● **Data in this exercise**:
-*-*-

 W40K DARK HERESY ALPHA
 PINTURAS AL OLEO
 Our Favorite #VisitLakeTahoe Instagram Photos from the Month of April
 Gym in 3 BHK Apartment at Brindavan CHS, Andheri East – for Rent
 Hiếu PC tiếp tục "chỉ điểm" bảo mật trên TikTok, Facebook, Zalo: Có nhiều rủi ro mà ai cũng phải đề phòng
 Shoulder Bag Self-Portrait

-*-*-

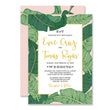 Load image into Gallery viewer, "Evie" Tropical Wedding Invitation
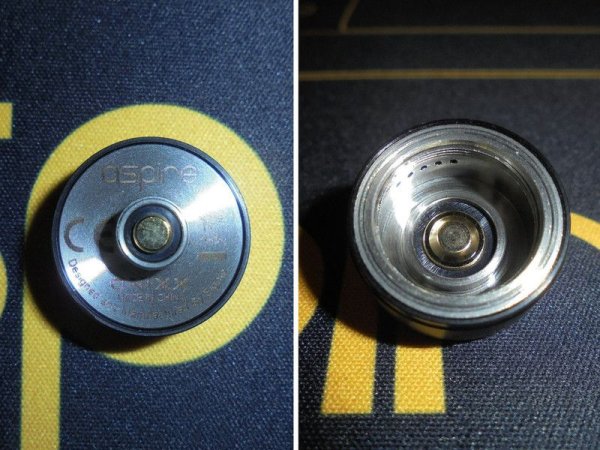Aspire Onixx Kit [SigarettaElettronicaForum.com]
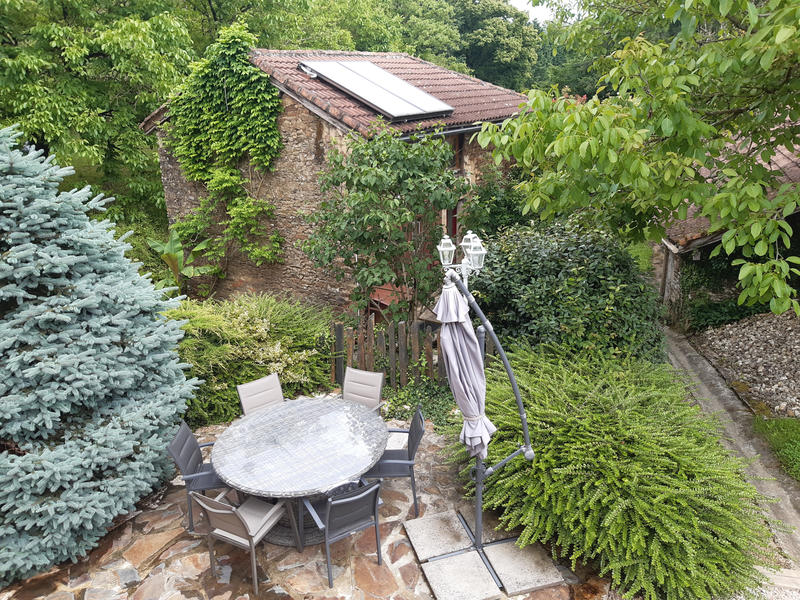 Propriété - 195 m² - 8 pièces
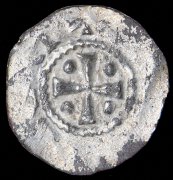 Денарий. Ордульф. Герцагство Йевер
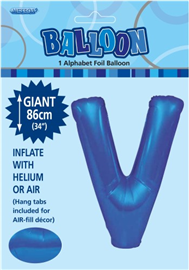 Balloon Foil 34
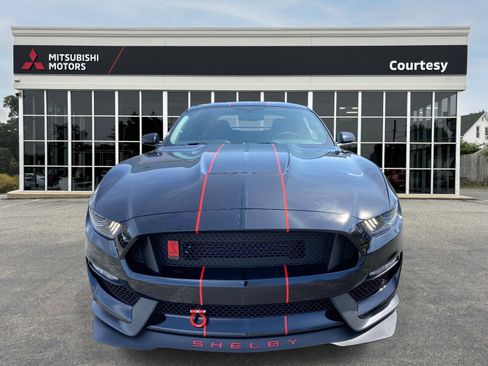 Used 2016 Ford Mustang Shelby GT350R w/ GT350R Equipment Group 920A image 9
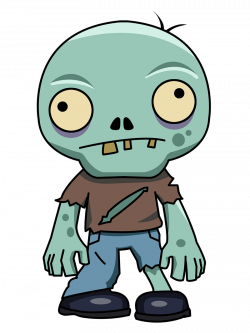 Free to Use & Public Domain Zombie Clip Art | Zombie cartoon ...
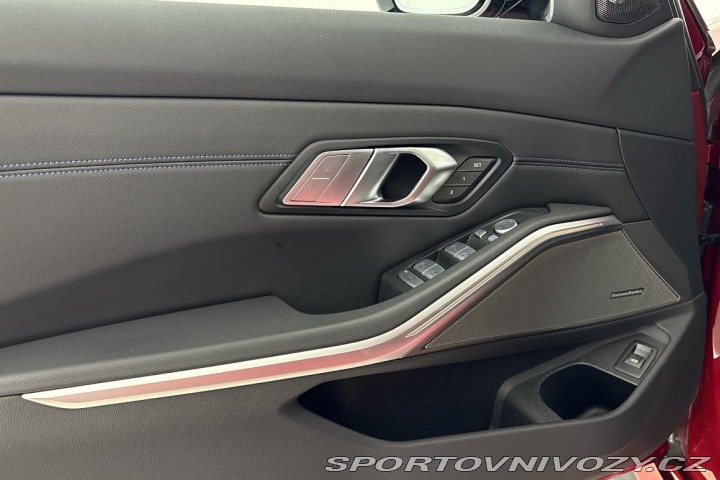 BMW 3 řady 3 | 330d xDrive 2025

-*-*-

● **Action item**: Beginning at the line above that contains "Free to Use", repeat each line exactly through the one that contains "BMW 3 řady 3 | 330d xDrive 2025", and leave out the pictures.

● **Answer to this exercise**:
 Free to Use & Public Domain Zombie Clip Art | Zombie cartoon ...
 BMW 3 řady 3 | 330d xDrive 2025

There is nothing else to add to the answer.